RAZ: In your talk, you mentioned that only by slowing down, can we see that sometimes making a living and making a life point in different directions.

IYER: Yes, I think that's really why I left New York City in a nutshell because I felt making a living was not the same thing as making a life. And I was making a nice-enough living then and very comfortable, but that wasn't a life. And we all know on our deathbed when somebody says to you, what made your life fulfilling? Our job will be part of it, but it certainly won't be all of it. And answering emails and scrolling through YouTube will be a small part of it, but there are other things that are probably going to be much more at the heart of what we're glad to have done. And they will probably have to do with our relationships, moments of quiet, our explorations, but certainly, much more to do with the invisible part of our life, I would say, than the visible. And I think that's where it's easy to ignore that invisible bank account in the same way it's easy to ignore the mental health club.
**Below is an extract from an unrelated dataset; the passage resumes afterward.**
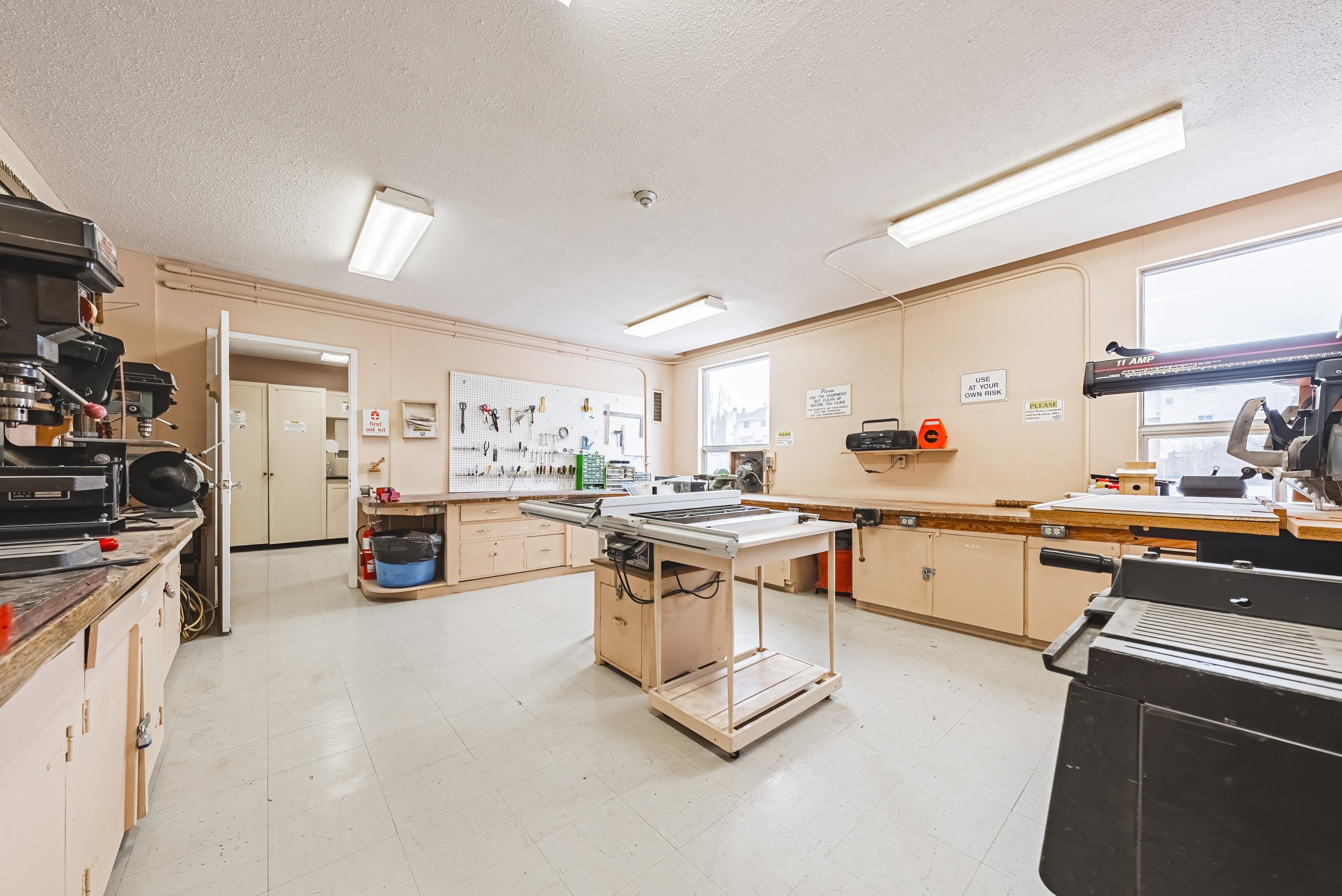 29 - 2055 Upper Middle Rd #705, Burlington.jpg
And yet, the invisible bank account is what's making you rich, and the mental health club is what's making you healthy.

(SOUNDBITE OF TED TALK)

IYER: And I think many of us have the sensation - I certainly do - that we're standing about two inches away from a huge screen. And it's noisy, and it's crowded. And it's changing with every second. And that screen is our lives. And it's only by stepping back and then further back and holding still that we can begin to see what the canvas means and to catch the larger picture. So in an age of acceleration, nothing can be more exhilarating than going slow. And in an age of distraction, nothing is so luxurious as paying attention. And in an age of constant movement, nothing is so urgent as sitting still. Thank you.

(APPLAUSE)

RAZ: Writer and traveler Pico Iyer. He's the author of a newly released TED book. It's called "The Art Of Stillness: Adventures In Going Nowhere." You can find out more about it at ted.com.

(SOUNDBITE OF SONG, "A QUIET PLACE")

GARNET MIMMS: (Singing) There's a man next door with a radio and he plays it all through the night. There's a couple in the apartment above my head that don't do nothing, but fuss and fight. I can't get no sleep in this noisy street. I've got to move. I've got to move. I've got to find me a quiet place.